Access the DREM project

Citation:
Ernst J, Vainas O, Harbison CT, Simon I, and Bar-Joseph Z.
Reconstructing dynamic regulatory maps.
Nature-EMBO Molecular Systems Biology, 3:74, 2007.

View a list of papers using DREM

STEM: Short Time-series Expression Miner

One of several illustrations of STEM output.
One of several illustrations of STEM output.
One of several illustrations of STEM output.

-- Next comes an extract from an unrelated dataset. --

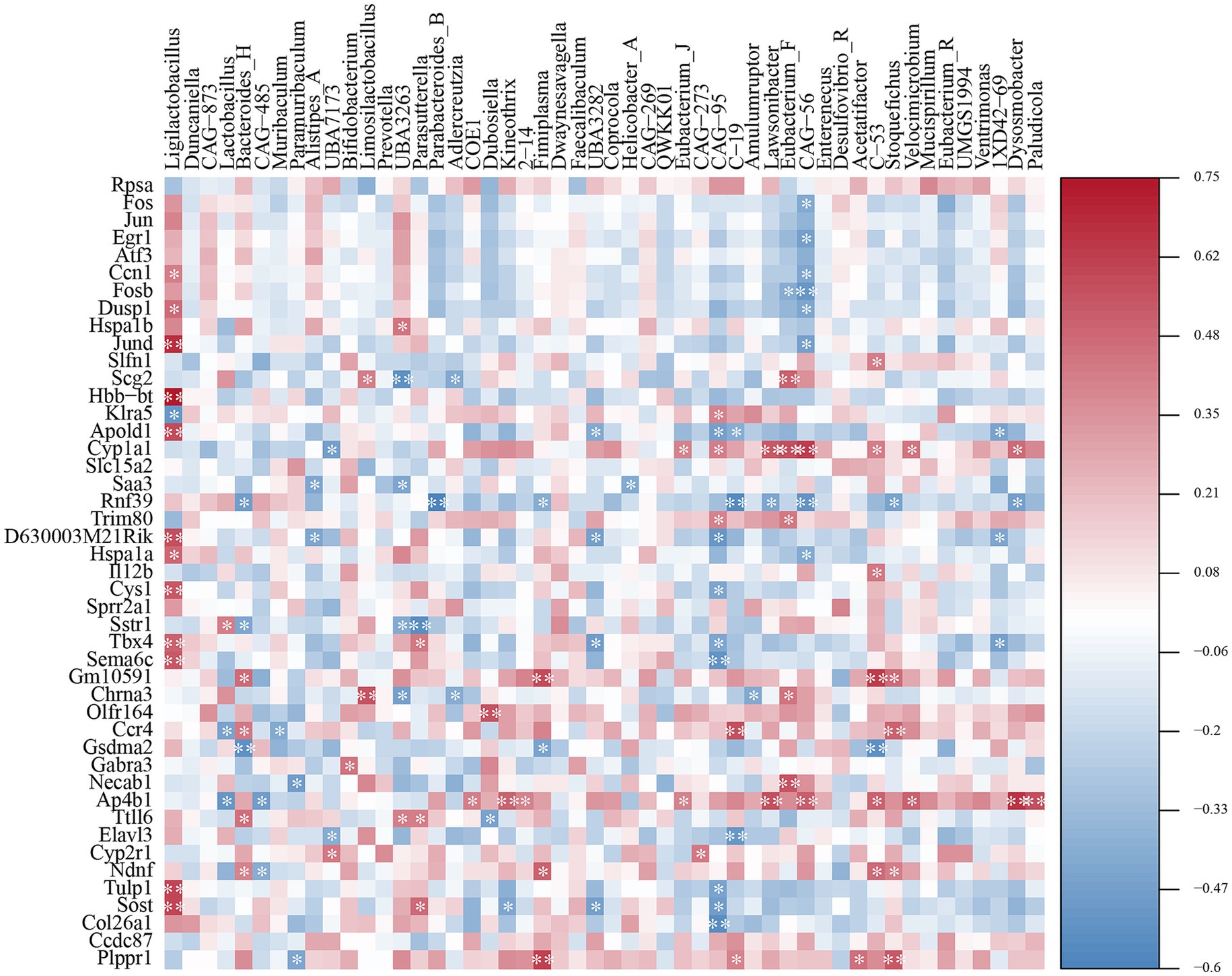Heatmap displaying correlation data between different genes and microbial taxa. Rows represent microbial taxonomic groups, columns represent genes. Colors range from blue (negative correlation) to red (positive correlation), with shades indicating correlation strength. A color scale on the right shows values from negative 0.6 to positive 0.75.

The Short Time-series Expression Miner (STEM) is a Java program for clustering, comparing, and visualizing short time series gene expression data from microarray experiments (~8 time points or fewer). STEM allows researchers to identify significant temporal expression profiles and the genes associated with these profiles and to compare the behavior of these genes across multiple conditions. STEM is fully integrated with the Gene Ontology (GO) database supporting GO category gene enrichment analyses for sets of genes having the same temporal expression pattern. STEM also supports the ability to easily determine and visualize the behavior of genes belonging to a given GO category or user defined gene set, identifying which temporal expression profiles were enriched for these genes. (Note: While STEM is designed primarily to analyze data from short time course experiments it can be used to analyze data from any small set of experiments which can naturally be ordered sequentially including dose response experiments.)

Access the STEM project

Citation:
Ernst J, Bar-Joseph Z
STEM: a tool for the analysis of short time series gene expression data.
BMC Bioinformatics, 7:191, 2006.

View a list of papers using STEM

SEREND: SEmi-supervised REgulatory Network Discoverer

Illustration of SEREND method.

The SEmi-supervised REgulatory Network Discoverer (SEREND) is a semi-supervised learning method that uses a curated database of verified transcriptional factor-gene interactions, DNA sequence binding motifs, and a compendium of gene expression data in order to make thousands of new predictions about transcription factor-gene interactions, including whether the transcription factor activates or represses the gene.

Access the SEREND project

Citation:
Ernst J, Beg QK, Kay KA, Balazsi G, Oltvai ZN, Bar-Joseph Z.
A Semi-Supervised Method for Predicting Transcription Factor-Gene Interactions in Escherichia coli.
PLoS Computational Biology 4: e1000044, 2008.